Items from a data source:
········
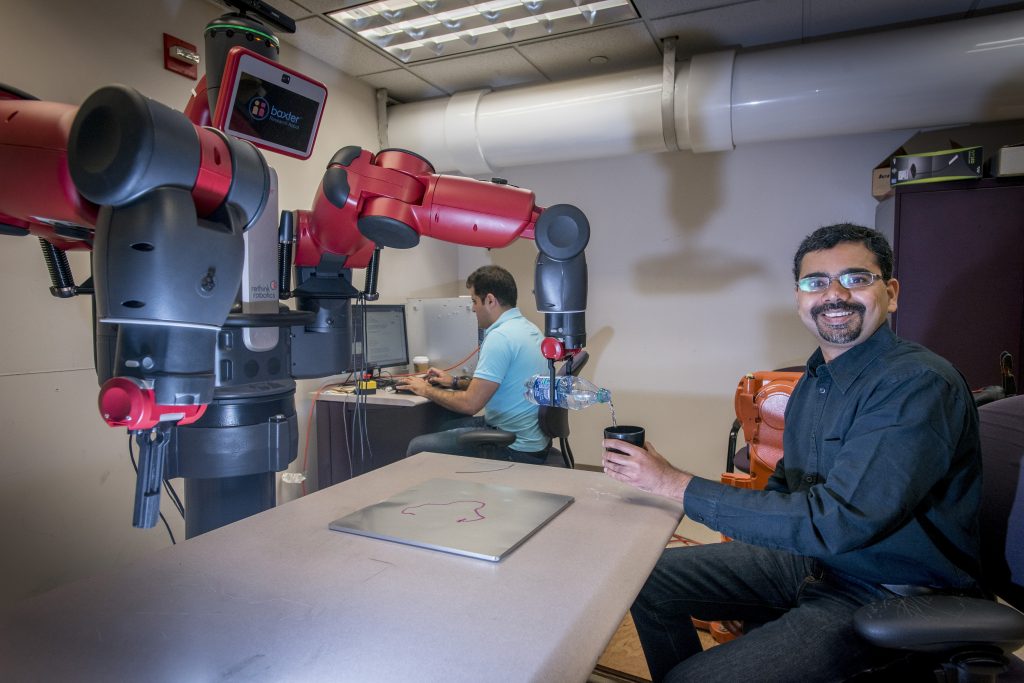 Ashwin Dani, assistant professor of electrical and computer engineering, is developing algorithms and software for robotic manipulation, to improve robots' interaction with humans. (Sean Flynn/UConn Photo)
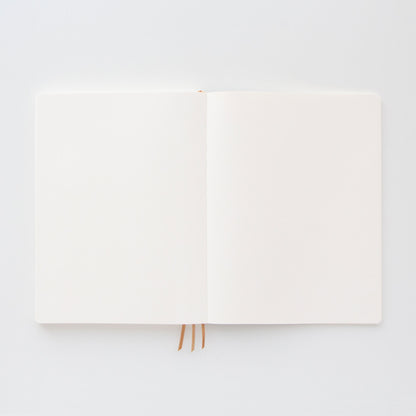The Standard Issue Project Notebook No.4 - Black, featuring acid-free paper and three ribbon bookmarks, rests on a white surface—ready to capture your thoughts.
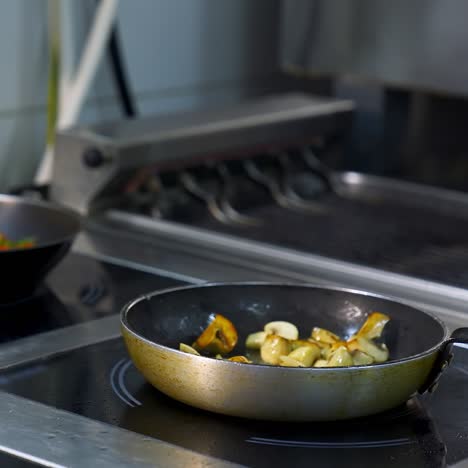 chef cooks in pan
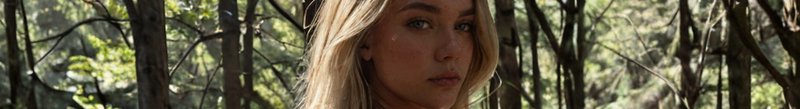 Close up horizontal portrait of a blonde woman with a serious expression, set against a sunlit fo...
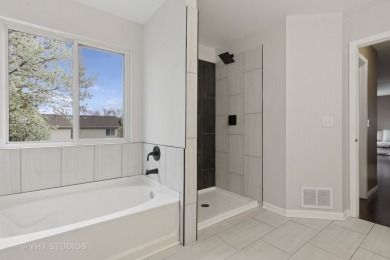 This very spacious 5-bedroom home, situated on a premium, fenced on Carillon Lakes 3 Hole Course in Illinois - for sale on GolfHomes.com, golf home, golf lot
········
> **Task details**:
An exact copy is needed of the lines running from the one with "chef cooks in pan" through the end of the data above, and of those lines only, without pictures.

> **Solution for this task**:
 chef cooks in pan
 Close up horizontal portrait of a blonde woman with a serious expression, set against a sunlit fo...
 This very spacious 5-bedroom home, situated on a premium, fenced on Carillon Lakes 3 Hole Course in Illinois - for sale on GolfHomes.com, golf home, golf lot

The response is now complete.